Interestingly, although perhaps not surprisingly, our research suggests key differences between the information management teams at organizations that do make a distinction between content and data and those that don't.
The information management teams that manage content separate from data are focused more squarely on compliance, and the information management strategy is not aligned with the business strategy. Meanwhile, the information management teams that work alongside IT to manage content and data together prioritize their internal and external customers' experiences and have an information management strategy that is aligned with the business strategy.
This correlation will need to be explored further in future AIIM research, but one can start to form a hypothesis.
In April 2022, I sat in on a number of roundtables at The AIIM Conference, where two common pain points emerged.

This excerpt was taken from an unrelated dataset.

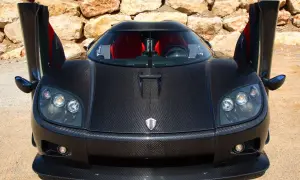 Czarny Pagani z otwartymi drzwiami, wykonany z włókna węglowego, z czerwonymi siedzeniami, na tle kamiennej ściany.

Getting users to comply with information management policies was hard.
Getting executives to support information management initiatives was even harder.
Earlier, we'd acknowledged that different functions have their own definitions of data and content. Business executives and line-of-business types, most notably, are using data and information interchangeably. Often, they're not using the word content at all.
If information management teams want to improve policy compliance and gain support from the c-suite, a good place to start might be to speak in terms they understand. The findings of AIIM's 2022 State of the Intelligent Information Management Industry report seem to suggest some benefit in adopting the language our key stakeholders are already using versus trying to make them fluent in ours.
Still, others disagree, and there's likely an equally compelling case for maintaining the distinction.
Clearly, this is an important dialogue to continue within the extended AIIM community to decide if our convenient distinction between what is meant by structured and unstructured information still holds up. Do we need to revisit our long-held definitions of these terms, or should we give in and use them as interchangeably as our executives and internal customers do?